_Exercise instructions_: Your copy should repeat the data that follows exactly and contain no image.

_Data segment_:
┄┄┄┄┄┄┄┄┄┄┄┄┄┄┄┄┄┄┄┄
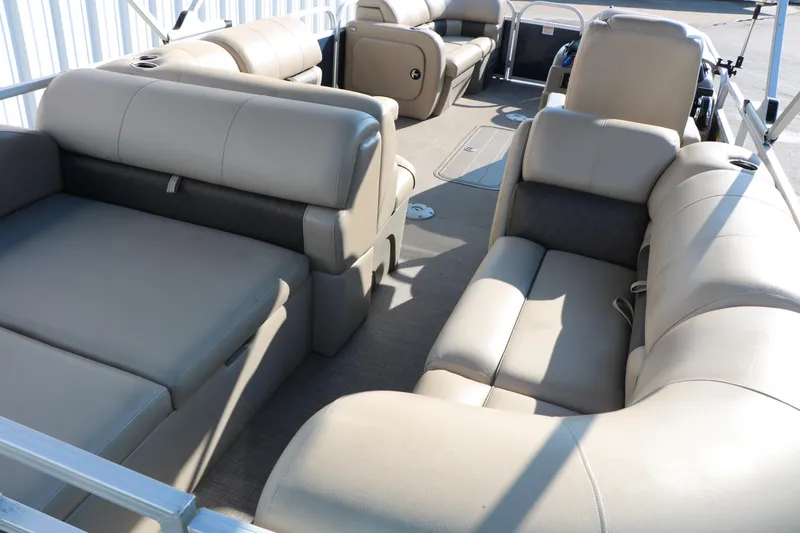 Slide: The Image of 2022 Sun Tracker Party Barge 22 RF XP3 interior with beige seating and spacious layout. - 19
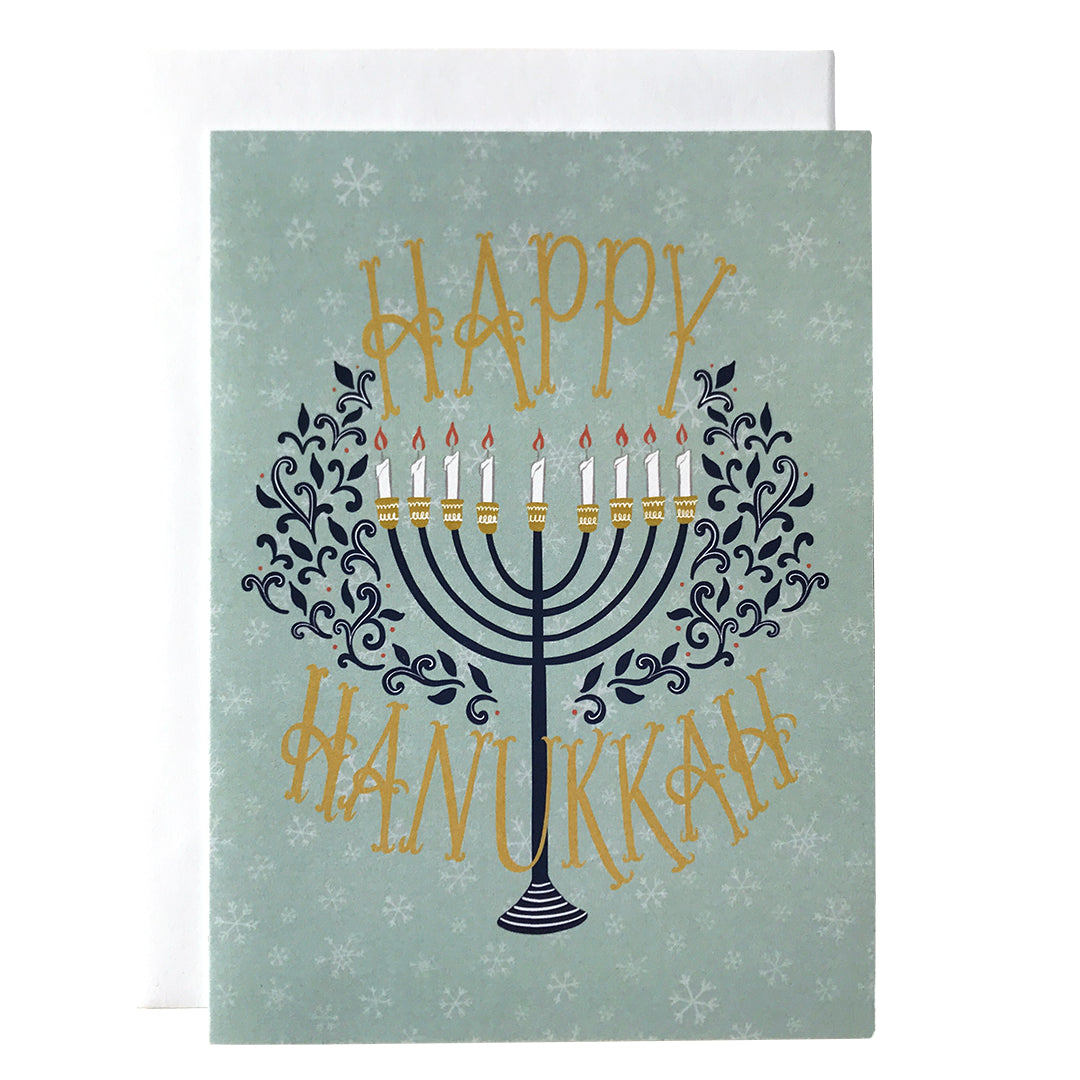 A pale blue snowflake-patterned greeting card reads Happy Hanukkah in deep yellow hand-lettering. In between the words is a navy menorah with lit candles flanked by navy flourishes. The card sits against a white envelope on a white background.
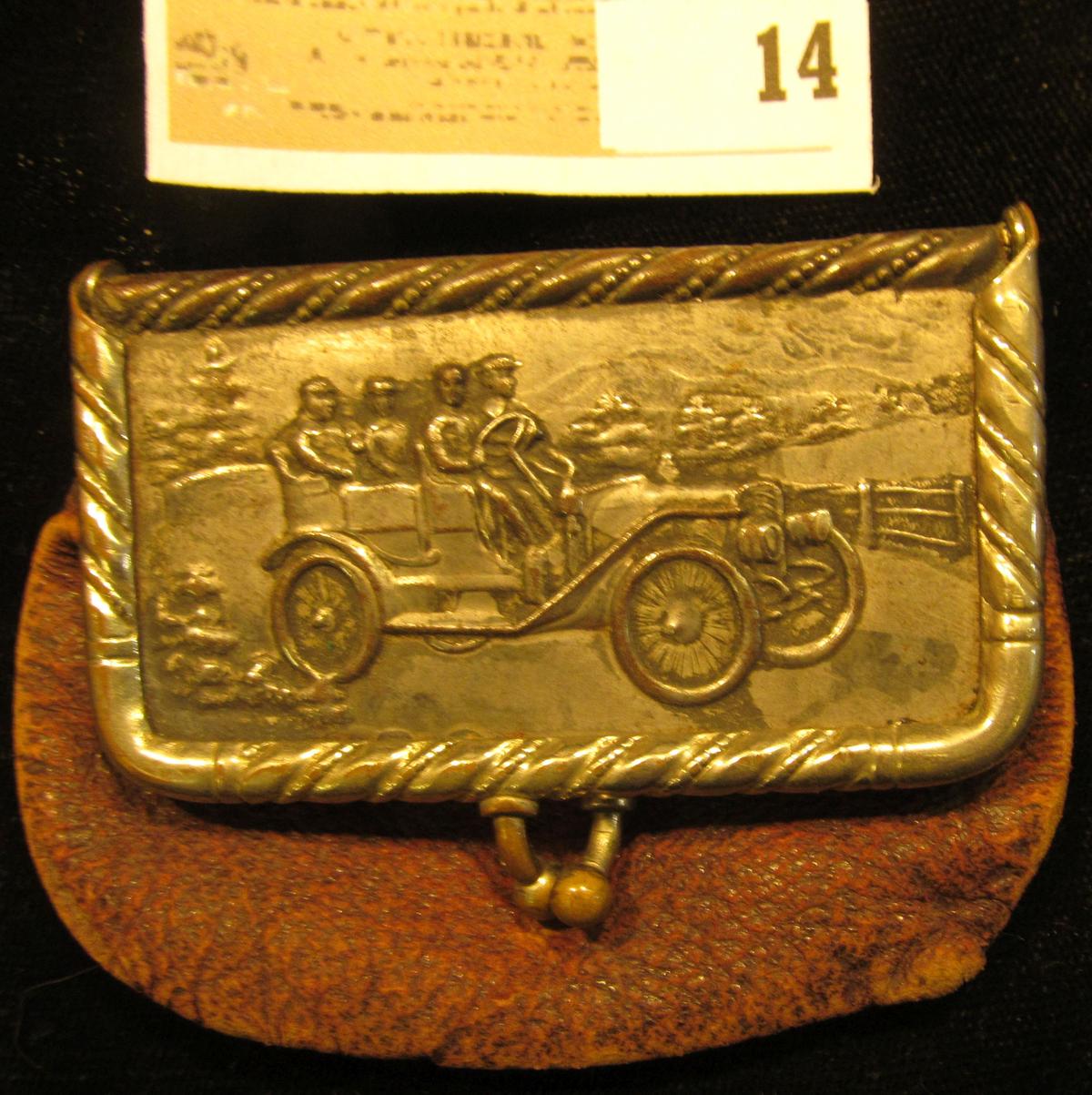 Coin Purse with a metal latch depicting an antique Convertible Car. Labeled inside "Carberry's/Cor.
┄┄┄┄┄┄┄┄┄┄┄┄┄┄┄┄┄┄┄┄
_Finished task_:
 Slide: The Image of 2022 Sun Tracker Party Barge 22 RF XP3 interior with beige seating and spacious layout. - 19
 A pale blue snowflake-patterned greeting card reads Happy Hanukkah in deep yellow hand-lettering. In between the words is a navy menorah with lit candles flanked by navy flourishes. The card sits against a white envelope on a white background.
 Coin Purse with a metal latch depicting an antique Convertible Car. Labeled inside "Carberry's/Cor.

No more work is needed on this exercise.